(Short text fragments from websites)
□ □ □
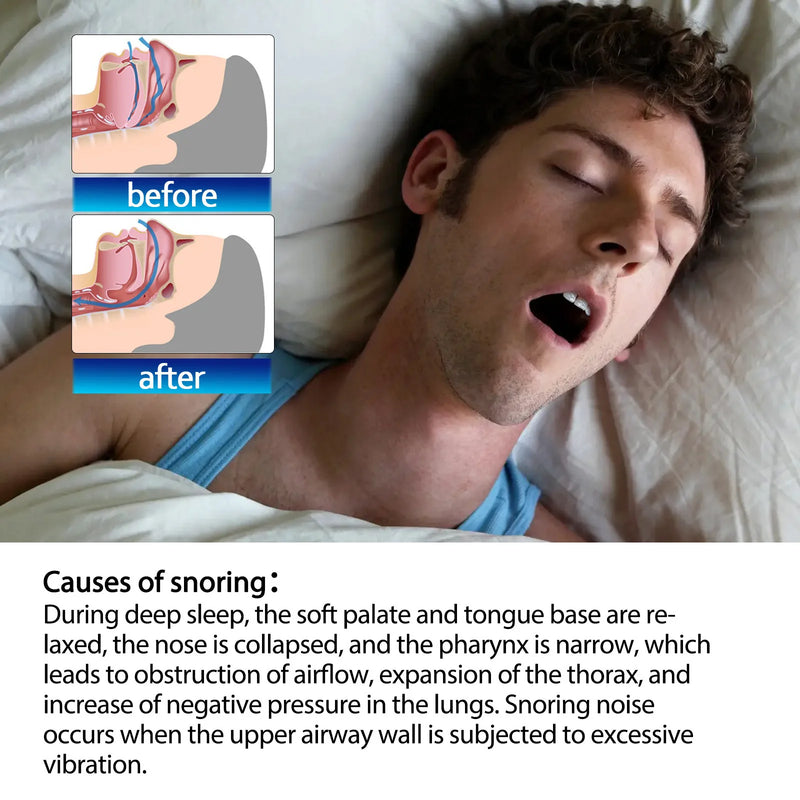 Nasal Strips for Snoring Relief & Better Sleep Aid
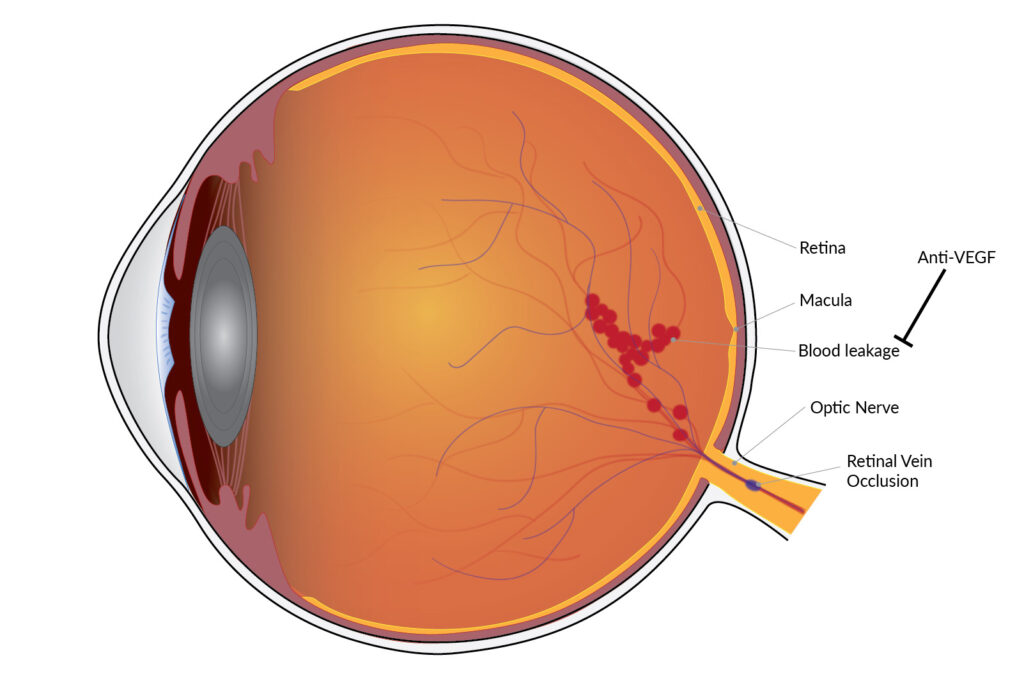 Retinal Vein Occlusion Treatment Market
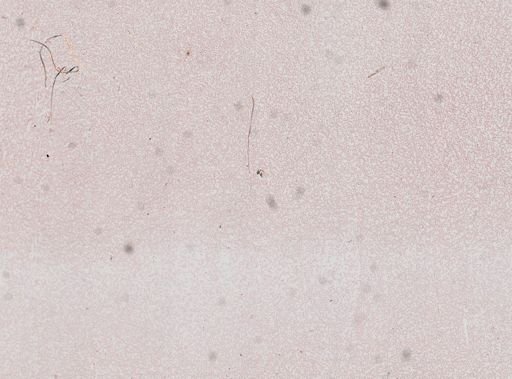 Plasmodium falciparum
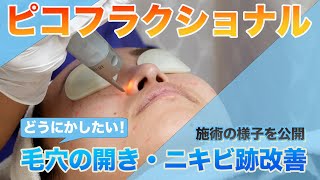 【施術動画】ピコフラクショナルレーザーで毛穴の開き、ニキビ跡の凹みを改善！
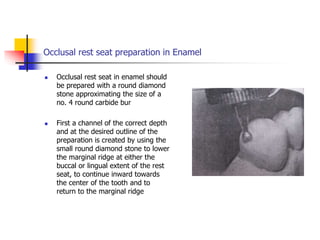 Occlusal rest seat preparation in Enamel
 Occlusal rest seat in enamel should
be prepared with a round diamond
stone approximating the size of a
no. 4 round carbide bur
 First a channel of the correct depth
and at the desired outline of the
preparation is created by using the
small round diamond stone to lower
the marginal ridge at either the
buccal or lingual extent of the rest
seat, to continue inward towards
the center of the tooth and to
return to the marginal ridge
 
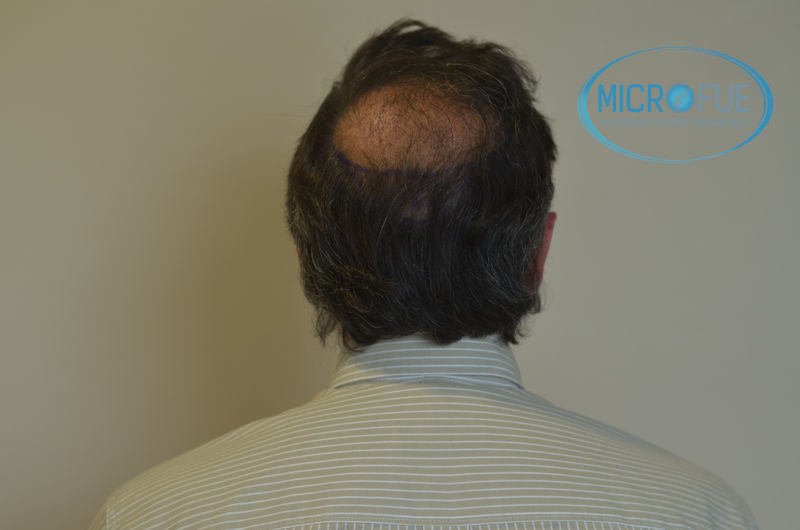 Trasplante capilar - Pacientes de microfue Trasplante capilar - Pacientes de microfue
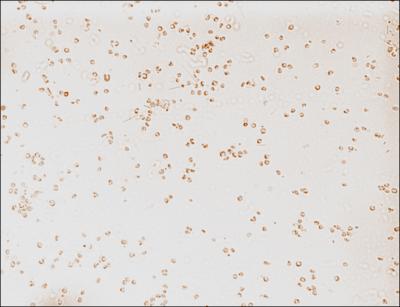 Brown Tide, <i>Aureococcus anophagefferens</i> Cells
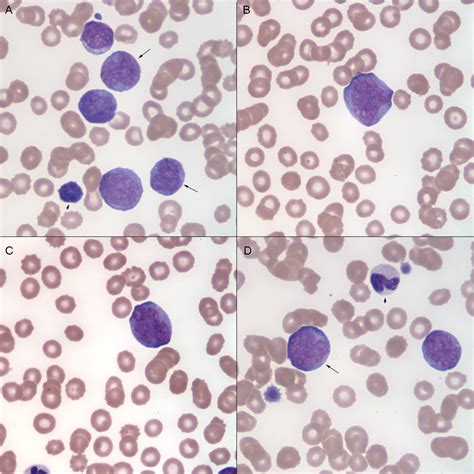 Blast versus promonocyte versus monocyte | eClinpath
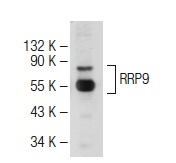 RRP9 (RS-9): sc-100592. Western blot analysis of RRP9 expression in Jurkat whole cell lysate.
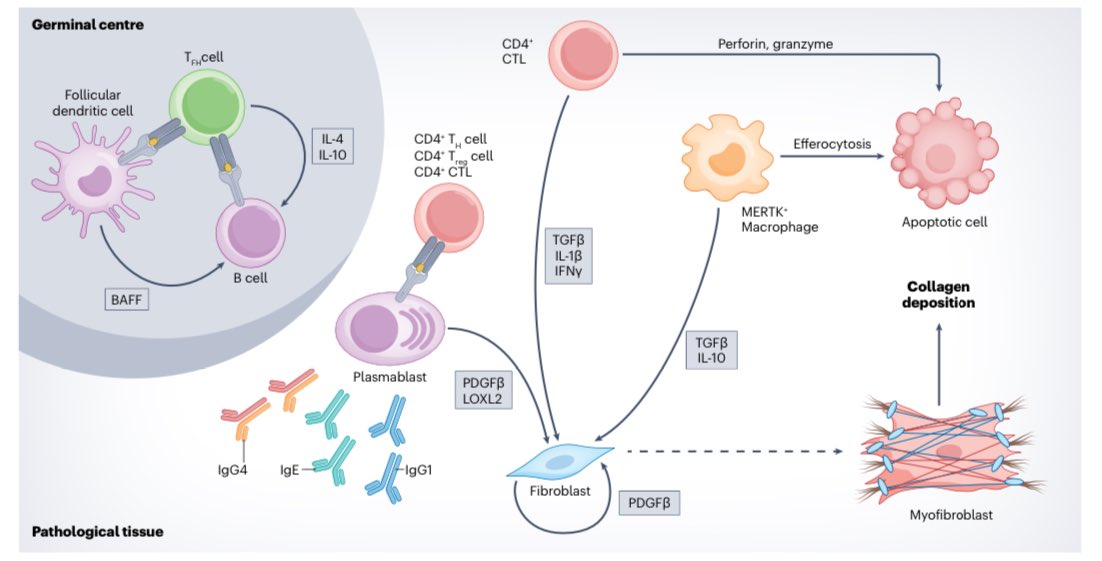 dr_immuno29's tweet photo. 🚨 Deep Dive into IgG4-Related Disease (IgG4-RD) from Nature Reviews Rheumatology!

•🌟 What is IgG4-RD? A sneaky fibro-inflammatory disorder hitting multiple organs with slow-growing, pseudo-tumoural lesions—think hidden troublemakers!
•⚠️ Diagnosis Challenge: No gold-standard criteria! Needs a detective-like approach—blend clinical signs, radiology, and serology to ditch mimics like histiocytoses, vasculitis, and lymphoproliferative disorders.
•🎯 Subphenotypes: Spot the variety—Mikulicz (swollen glands), head-neck limited, pancreato-hepato-biliary (jaundice alert!), retroperitoneal/aortic—each with unique patient profiles, symptoms, and IgG4 levels!
•💊 Treatment: Glucocorticoids lead the charge, but B cell-depleting champs (rituximab, inebilizumab) and cytokine-targeting drugs are stealing the spotlight—most still in hot clinical trials!
•🔄 Chronic Nature: A relapsing rogue—demands vigilant, long-term follow-up to keep it in check!
•📊 Fun Fact: Hits men harder (2:1-3:1 ratio) with a vascular vibe—50% cases show large/medium artery involvement, even small vessels!
•🕵️ History Bite: Born in 2001 with autoimmune pancreatitis link—evolved into a systemic puzzle by 2003, tying sclerosing pancreatitis, Riedel thyroiditis, and more!
•🩺 Symptoms Spotlight: Jaundice, proptosis, abdominal pain, or cranial neuropathies—depends on the organ hit, making it a diagnostic rollercoaster!
•🔬 Histology Clue: Fibrosis + chronic inflammation = IgG4-RD signature—seen on FDG-PET-CT for activity tracking!
•🌐 Research Edge: Ongoing trials push boundaries with monoclonal antibodies—stay tuned for breakthroughs!
#IgG4RD #Rheumatology #AutoimmuneDisease #MedicalResearch #HealthInnovation #RareDisease #ClinicalTrials
 https://t.co/bgqYTrDeZn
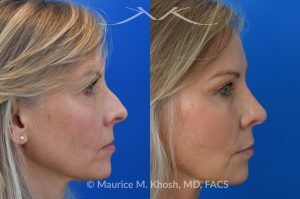 Photo of a patient before and after a procedure. Rhinoplasty for Crooked Nose, Nasal Hump, and Severe Obstruction - This amazing 65 year-old had chronic severe right sided nasal obstruction, deviation of the nose to the left side, and a small nasal hump. Surgery to address her concerns included: open approach rhinoplasty, septoplasty, right sided spreader graft, right sided septum extension graft, and a small right sided alar strut graft. She is delighted with the improved breathing and the straight appearing nasal bridge.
□ □ □
## YOUR ASSIGNMENT
Return, unchanged, the run of lines above that opens with the line containing "be prepared with a round diamond" and closes with the line containing "buccal or lingual extent of the rest". Include both.

## OUTPUT BELOW
be prepared with a round diamond
stone approximating the size of a
no. 4 round carbide bur
 First a channel of the correct depth
and at the desired outline of the
preparation is created by using the
small round diamond stone to lower
the marginal ridge at either the
buccal or lingual extent of the rest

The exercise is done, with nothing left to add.